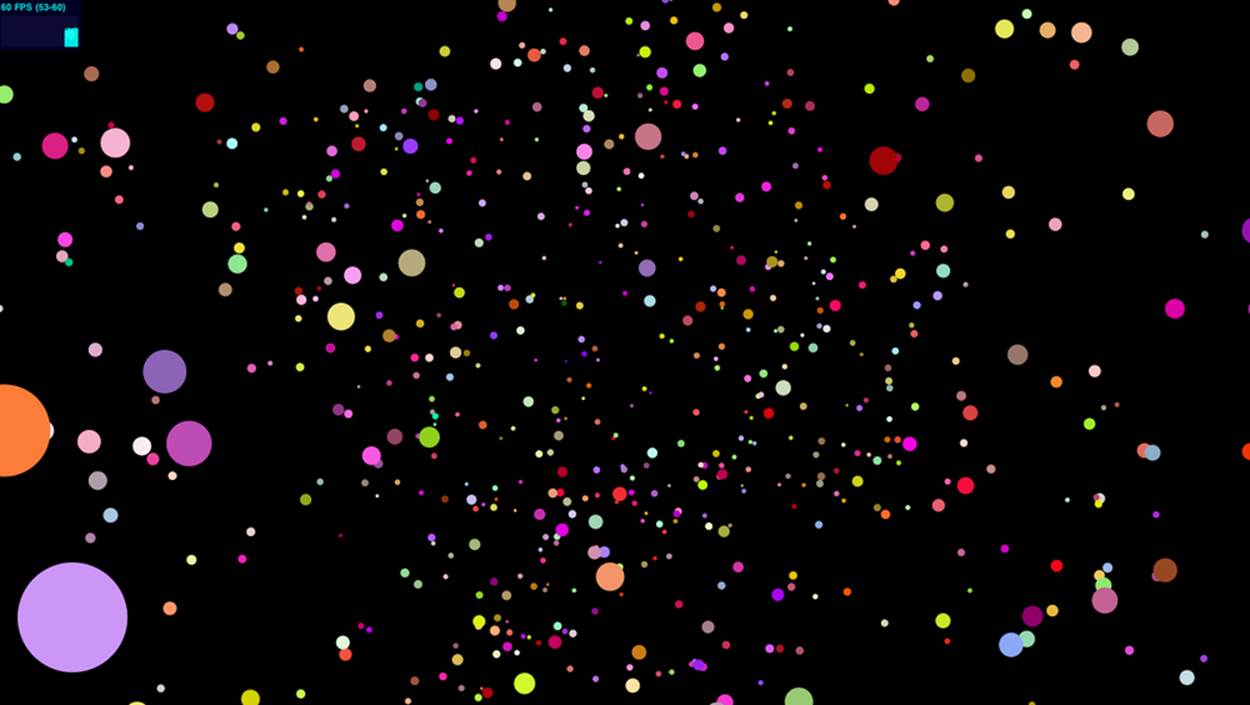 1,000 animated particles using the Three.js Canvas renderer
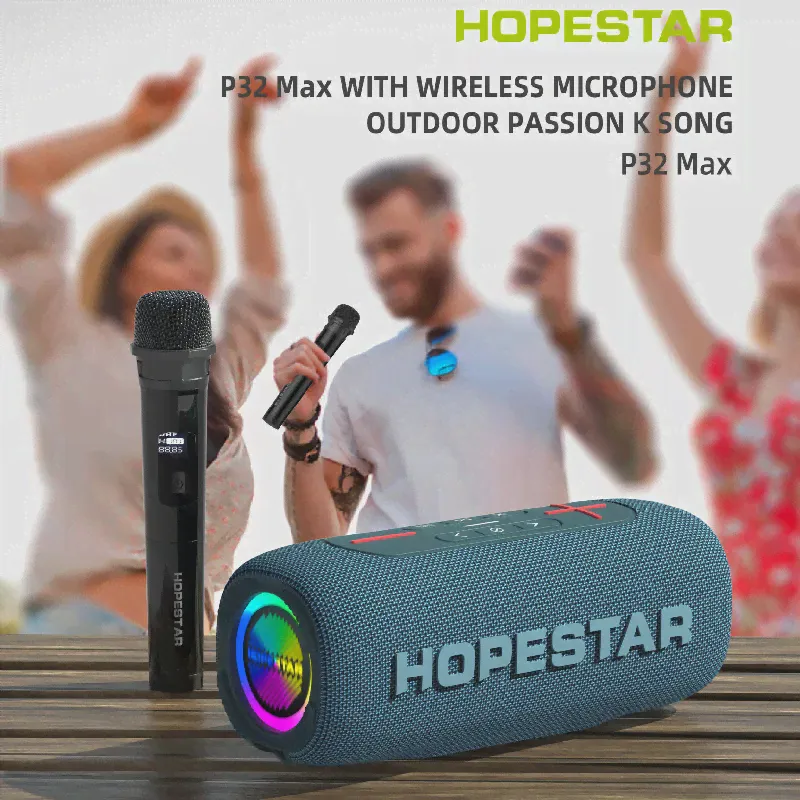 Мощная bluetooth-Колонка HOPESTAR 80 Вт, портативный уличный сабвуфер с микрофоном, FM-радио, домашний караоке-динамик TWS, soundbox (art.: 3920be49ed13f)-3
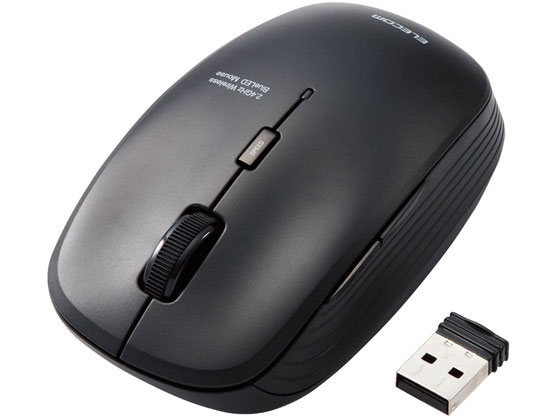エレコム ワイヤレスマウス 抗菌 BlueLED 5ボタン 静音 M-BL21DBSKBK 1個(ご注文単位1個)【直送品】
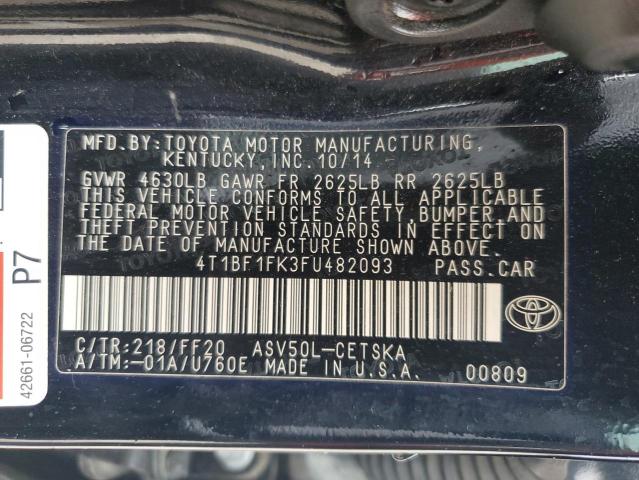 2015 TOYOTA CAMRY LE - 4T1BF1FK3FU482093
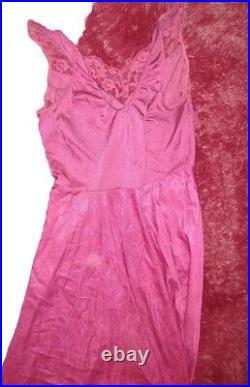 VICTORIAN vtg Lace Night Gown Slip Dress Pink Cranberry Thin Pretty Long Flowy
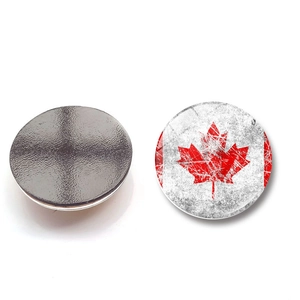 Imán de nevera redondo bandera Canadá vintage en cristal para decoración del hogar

━━━━━━━━━━━━━━━━━━━━

Activity |
Only the lines from the one containing "Мощная bluetooth-Колонка HOPESTAR" through the last line of the material are to be restated word for word; no picture is to be included.

Exercise output |
 Мощная bluetooth-Колонка HOPESTAR 80 Вт, портативный уличный сабвуфер с микрофоном, FM-радио, домашний караоке-динамик TWS, soundbox (art.: 3920be49ed13f)-3
エレコム ワイヤレスマウス 抗菌 BlueLED 5ボタン 静音 M-BL21DBSKBK 1個(ご注文単位1個)【直送品】
 2015 TOYOTA CAMRY LE - 4T1BF1FK3FU482093
 VICTORIAN vtg Lace Night Gown Slip Dress Pink Cranberry Thin Pretty Long Flowy
 Imán de nevera redondo bandera Canadá vintage en cristal para decoración del hogar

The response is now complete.